• [PROBLEM STATEMENT] Set down again each entry exactly as it reads, pictures excluded.
=== MATERIAL PROVIDED ===
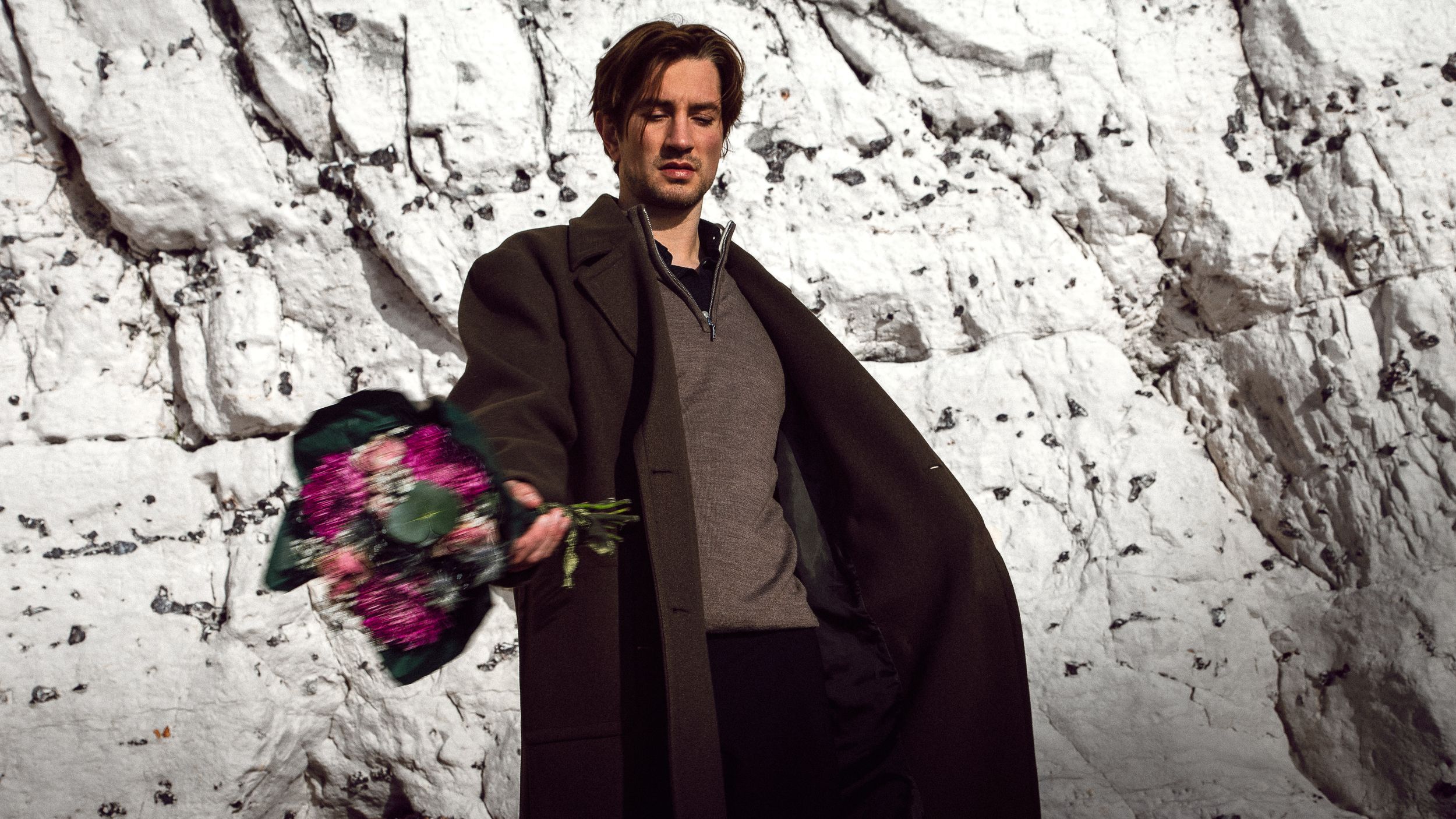 A sequence showing movement against a white stone wall background in dramatic lighting.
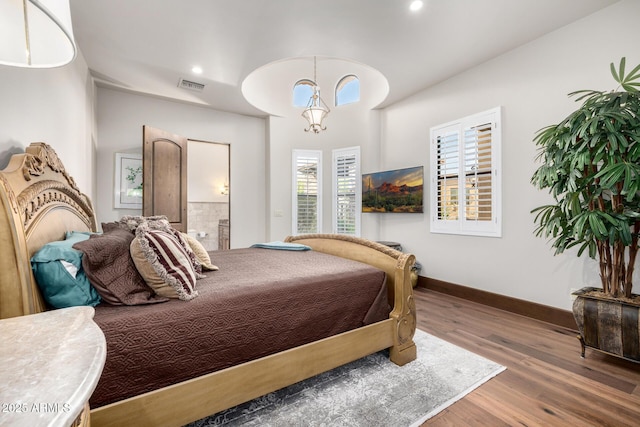 4328 N Pinnacle Ridge Cir, Mesa, AZ 85207 - bedroom featuring wood finished floors, baseboards, recessed lighting, and ensuite bath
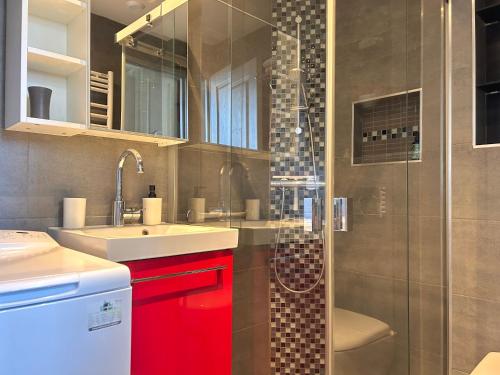 y baño con lavabo y ducha con armarios rojos. en Carla's Residences F1 Hyper Centre, en Aix-les-Bains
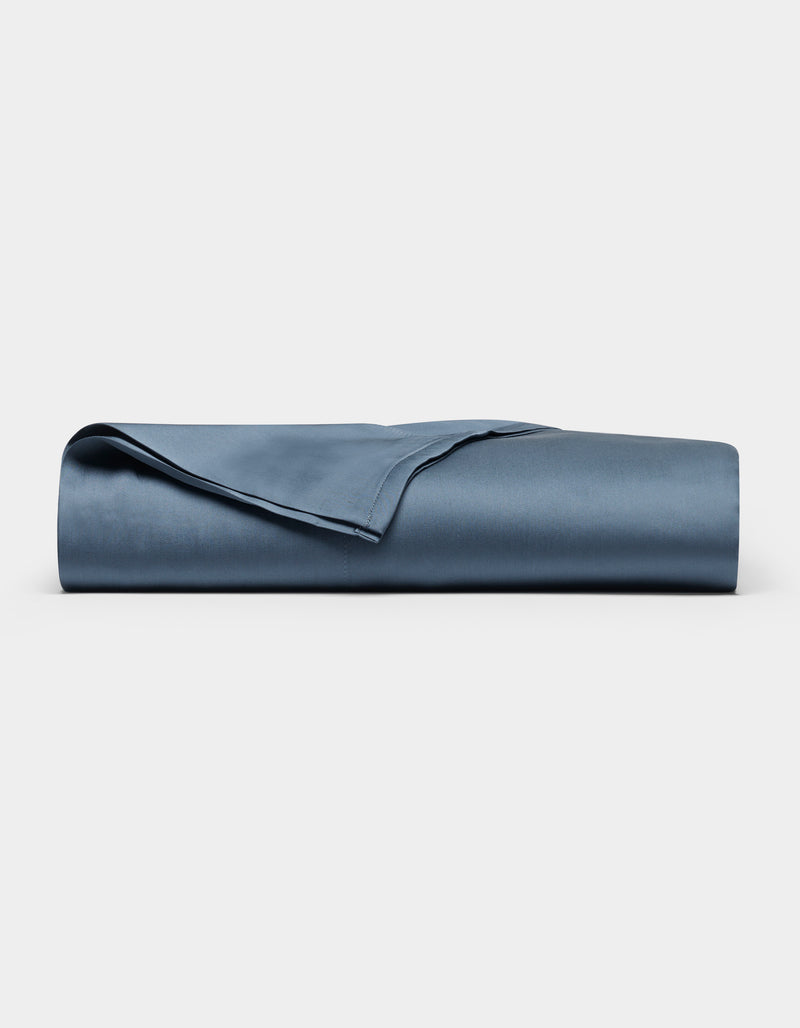 The Cozy Earth Bamboo Flat Sheet, neatly folded and smooth in navy blue, is displayed against a plain white background.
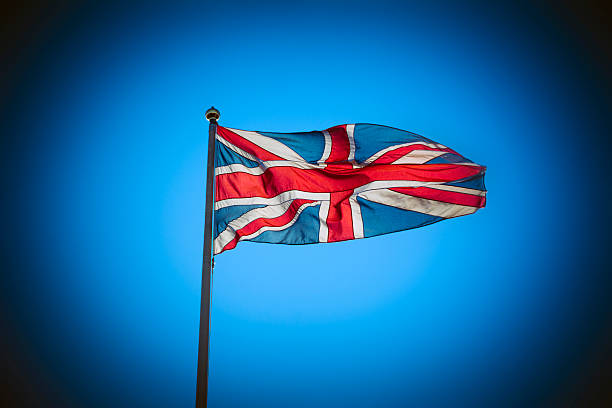 istock Great Britain Union Jack flag flying against blue sky 617761334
===
• [TASK RESPONSE]
 A sequence showing movement against a white stone wall background in dramatic lighting.
 4328 N Pinnacle Ridge Cir, Mesa, AZ 85207 - bedroom featuring wood finished floors, baseboards, recessed lighting, and ensuite bath
 y baño con lavabo y ducha con armarios rojos. en Carla's Residences F1 Hyper Centre, en Aix-les-Bains
 The Cozy Earth Bamboo Flat Sheet, neatly folded and smooth in navy blue, is displayed against a plain white background.
 istock Great Britain Union Jack flag flying against blue sky 617761334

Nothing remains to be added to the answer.